Business Standard

Birla clarifies political donations by law

Group claims payments were made by trust under Companies Act only to parties registered with Election Commission

Aditya Birla

BS Reporter Mumbai
Reacting to a media report on the Central Bureau of Investigation (CBI) handing a diary to the Supreme Court that listed an estimated 1,000 payments by an Aditya Birla Group company to politicians and members of Parliament, the group spokesperson said it was by a trust set up under the Companies Act by companies for donations to parties.

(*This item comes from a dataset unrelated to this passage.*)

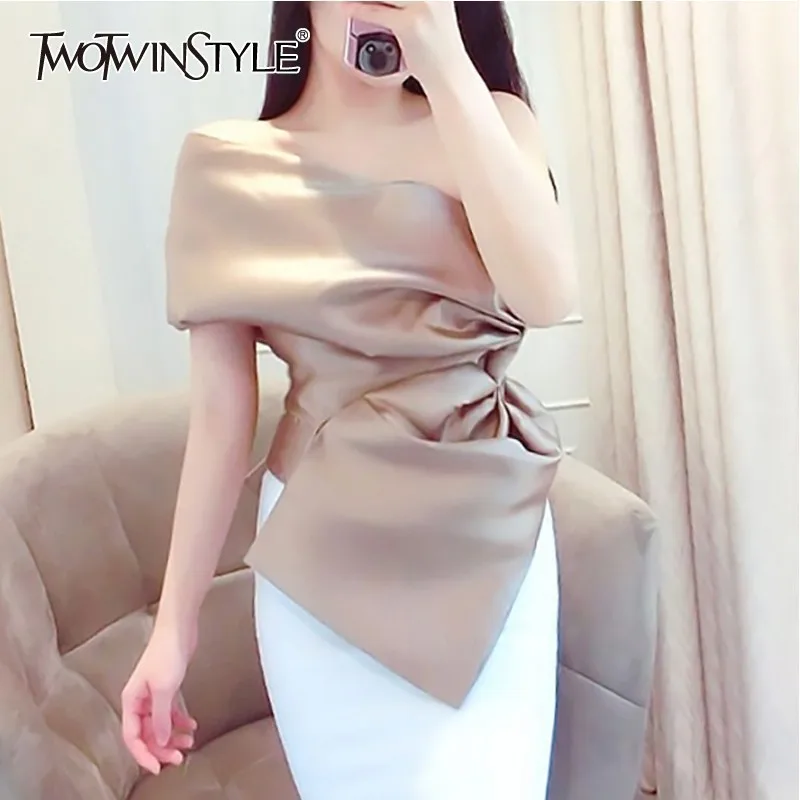 Женская Асимметричная блузка TWOTWINSTYLE Весенняя однотонная с открытыми плечами без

The diary was recovered by the CBI, probing the coal-block allotment case. It had raided Aditya Birla Group firms on October 16. “The contributing companies, after serious deliberations and based on the best international practice in this regard, decided to create General Electoral Trust in 1998,” said the company in a statement issued on Friday. “Its sole purpose is of making contributions to various parties or individuals nominated by parties, and to independent candidates standing for Parliamentary or state Assembly polls.”
 

By the statement, the trust makes contributions only to those parties or candidates registered with the Election Commission. It said all the contributions were duly accounted for and reflected in the audited published accounts of the companies.

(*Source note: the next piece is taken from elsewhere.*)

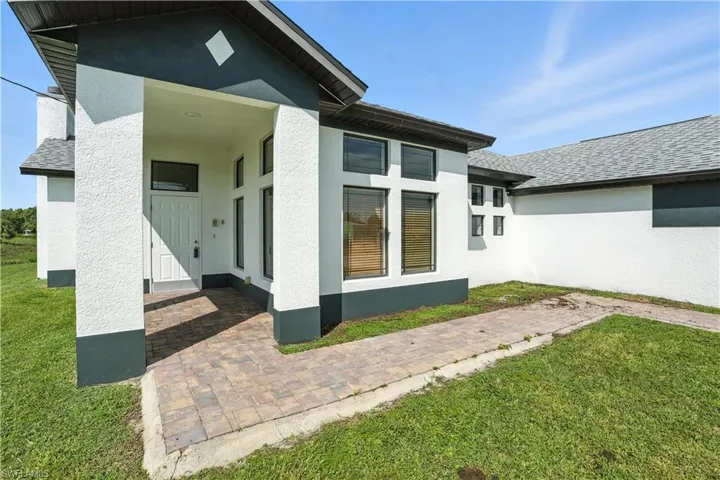 3933 18th St W, Lehigh Acres, Florida 33971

It had filed an FIR naming Aditya Birla Group chairman Kumar Mangalam Birla and former Coal Secretary P.C. Parekh for having allegedly entered into a criminal conspiracy to facilitate the partial allocation of an Odisha coal block to the group’s subsidiary Hindalco Industries about eight years ago. The investigating agency alleged, in its FIR, that the Coal Ministry Screening Committee’s recommendation that the block be allocated to public sector units (PSUs) was, in a way, circumvented to “accommodate” aluminium major Hindalco.